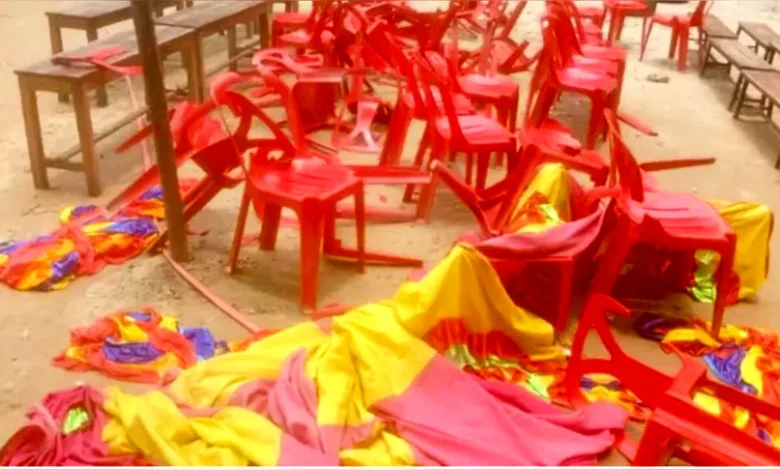 সাবেক এমপিকে আমন্ত্রণের জেরে শিক্ষকের বিদায় অনুষ্ঠানে ভাঙচুর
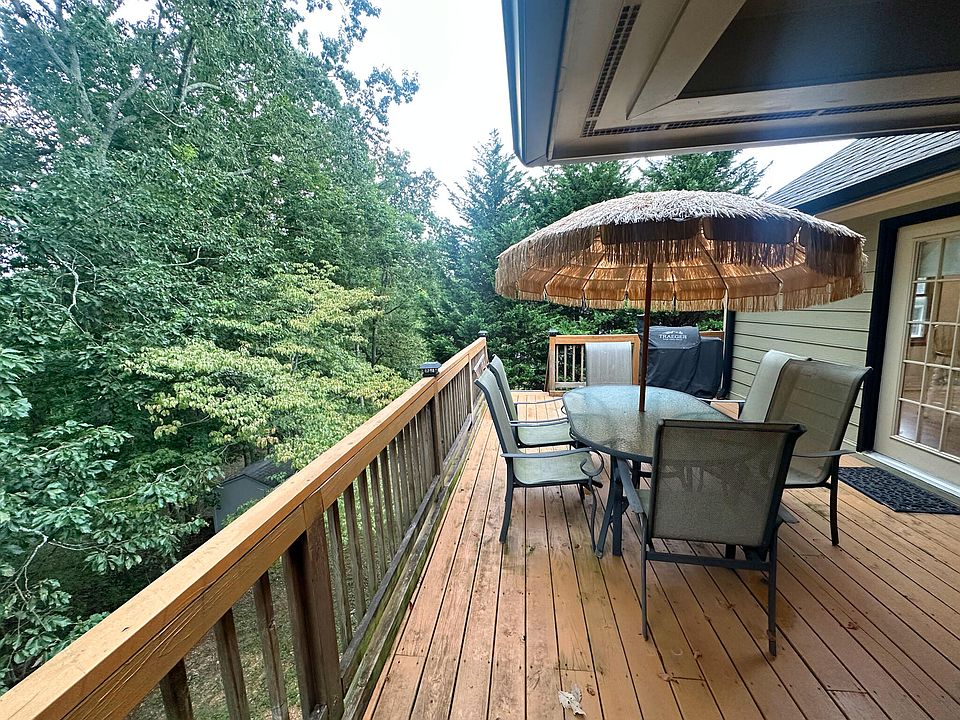 1st image of 11 Hickory Ridge Trl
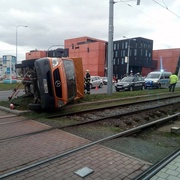 Dodávka se převrátila v kolejišti tramvaje
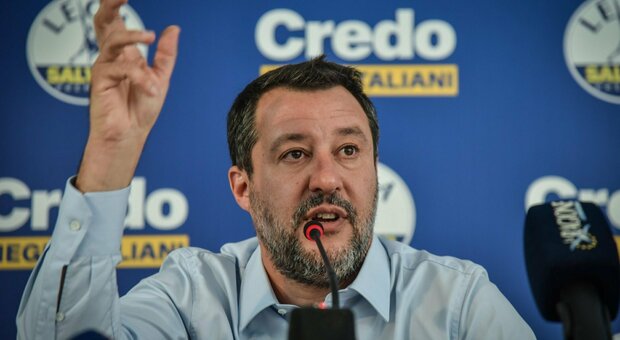 Salvini, il processo della Lega. Maroni: cambiamo leader. E Bossi rimane fuori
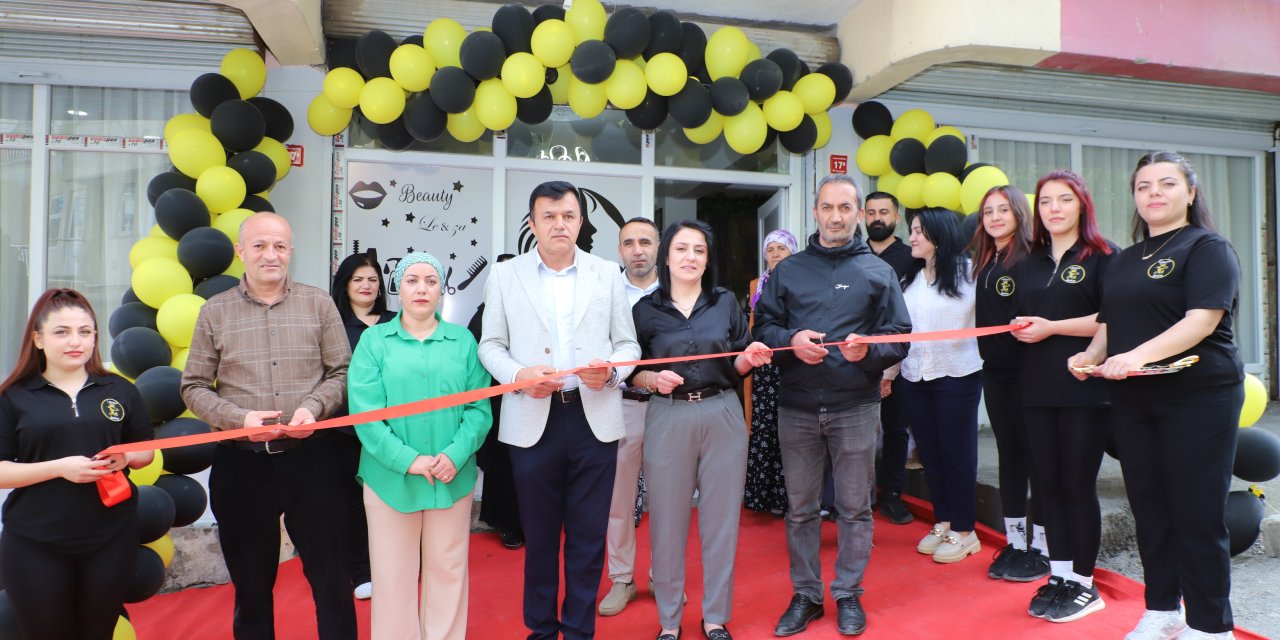 Hakkari’de Le-za bayan kuaförü hizmete açıldı
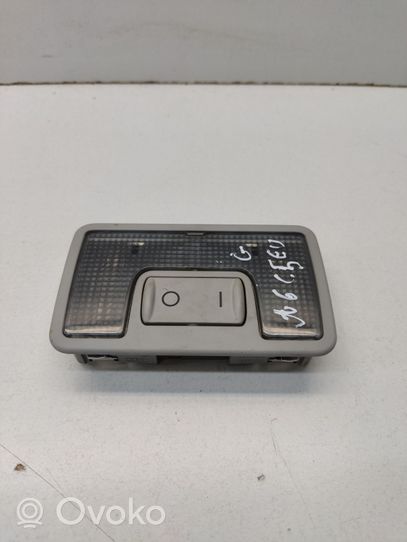 Audi A6 Allroad C5 Luz del asiento trasero 233193021E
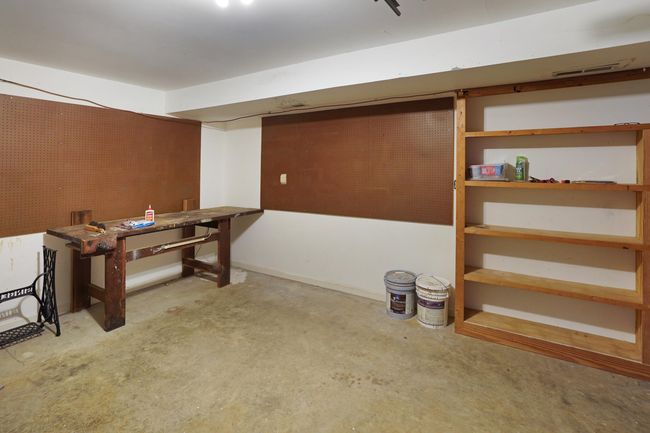 Workshop/Garage | Image 43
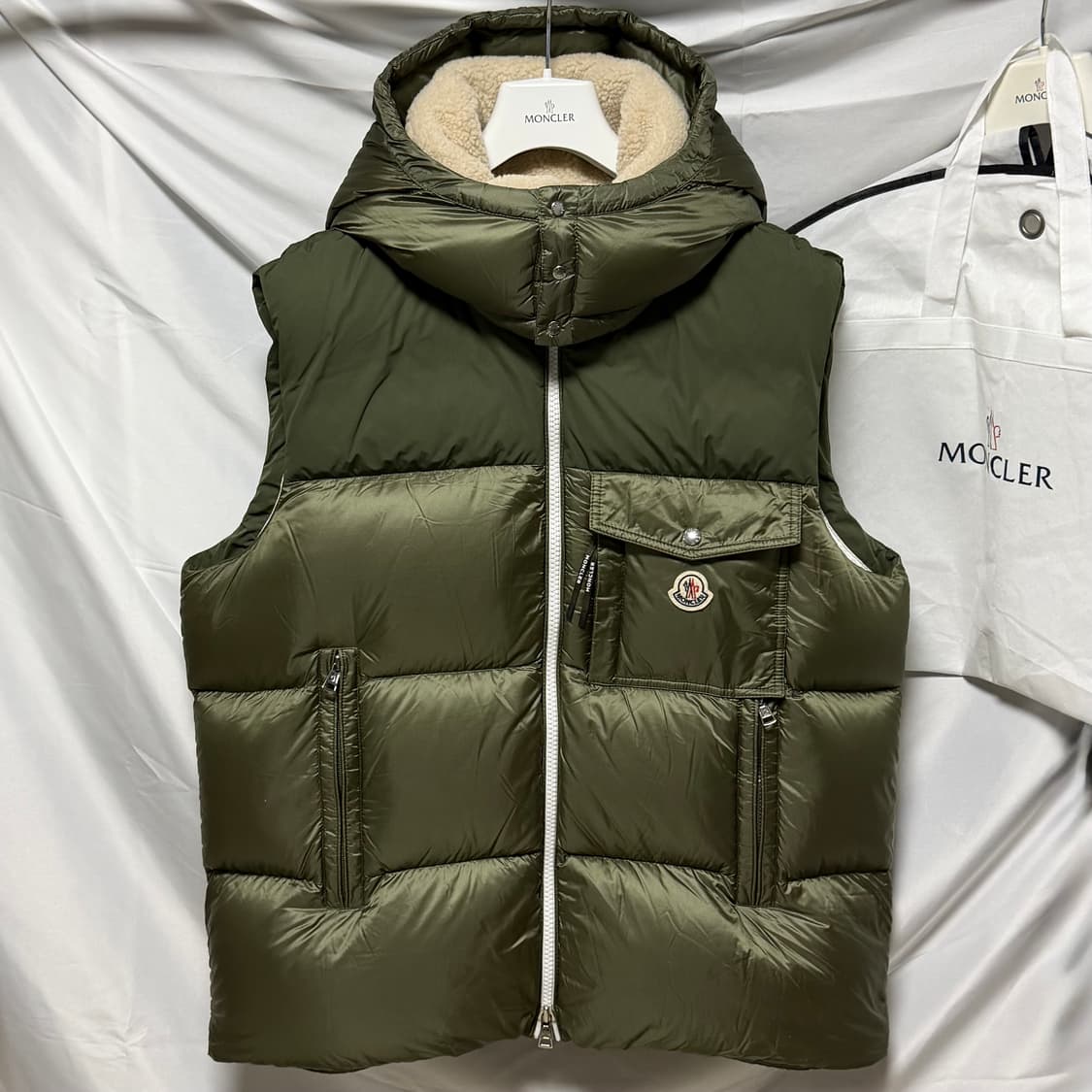 [S+급/5] 23FW 몽클레어 아우스트 질레 후드 조끼패딩 올리브 그린 상품이미지1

Task description >> Reproduce the full material exactly, excluding the pictures.

Your response >>
 সাবেক এমপিকে আমন্ত্রণের জেরে শিক্ষকের বিদায় অনুষ্ঠানে ভাঙচুর
 1st image of 11 Hickory Ridge Trl
 Dodávka se převrátila v kolejišti tramvaje
 Salvini, il processo della Lega. Maroni: cambiamo leader. E Bossi rimane fuori
 Hakkari’de Le-za bayan kuaförü hizmete açıldı
 Audi A6 Allroad C5 Luz del asiento trasero 233193021E
 Workshop/Garage | Image 43
 [S+급/5] 23FW 몽클레어 아우스트 질레 후드 조끼패딩 올리브 그린 상품이미지1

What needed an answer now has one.